**** INFORMATION ****

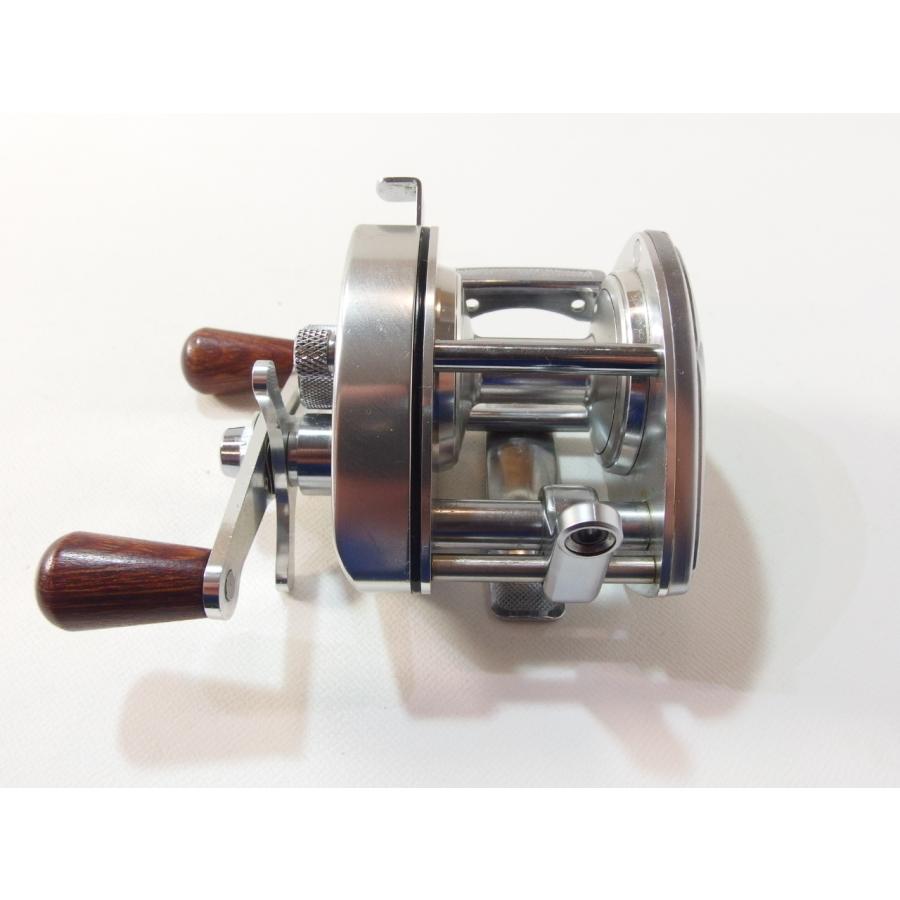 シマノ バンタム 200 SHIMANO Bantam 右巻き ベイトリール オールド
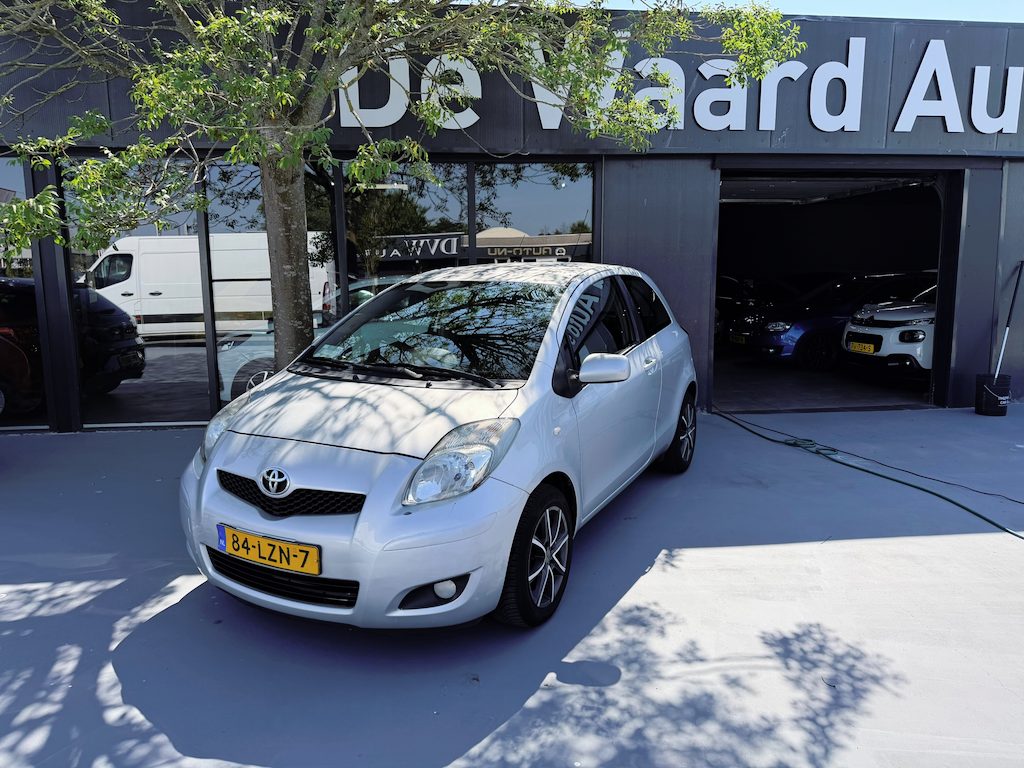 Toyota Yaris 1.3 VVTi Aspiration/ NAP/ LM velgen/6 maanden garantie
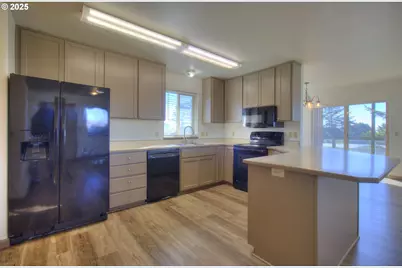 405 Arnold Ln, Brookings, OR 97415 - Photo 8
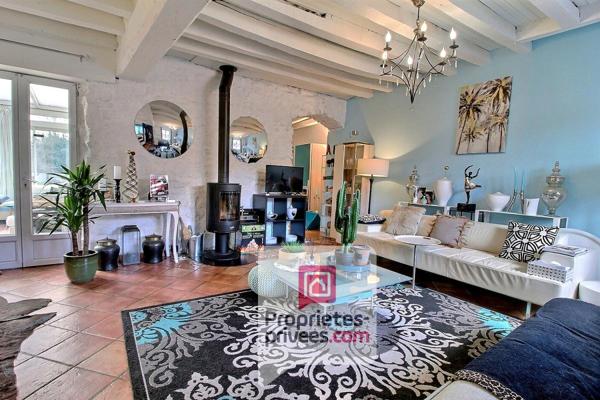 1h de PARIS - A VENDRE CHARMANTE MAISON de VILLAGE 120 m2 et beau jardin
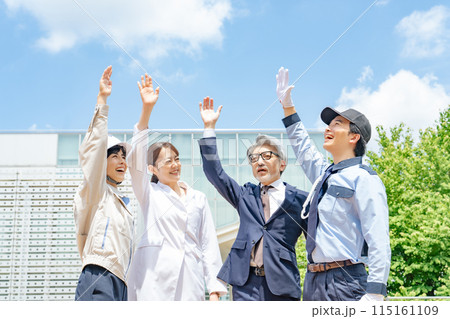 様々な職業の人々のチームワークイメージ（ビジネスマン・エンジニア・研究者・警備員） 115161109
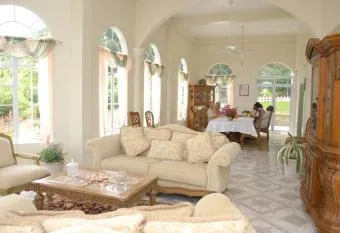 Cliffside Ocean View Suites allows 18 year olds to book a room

****

:: WHAT THE EXERCISE ASKS ::
Keep the pictures out and transcribe the entries exactly.

:: ANSWER SPACE ::
 シマノ バンタム 200 SHIMANO Bantam 右巻き ベイトリール オールド
 Toyota Yaris 1.3 VVTi Aspiration/ NAP/ LM velgen/6 maanden garantie
 405 Arnold Ln, Brookings, OR 97415 - Photo 8
 1h de PARIS - A VENDRE CHARMANTE MAISON de VILLAGE 120 m2 et beau jardin
 様々な職業の人々のチームワークイメージ（ビジネスマン・エンジニア・研究者・警備員） 115161109
 Cliffside Ocean View Suites allows 18 year olds to book a room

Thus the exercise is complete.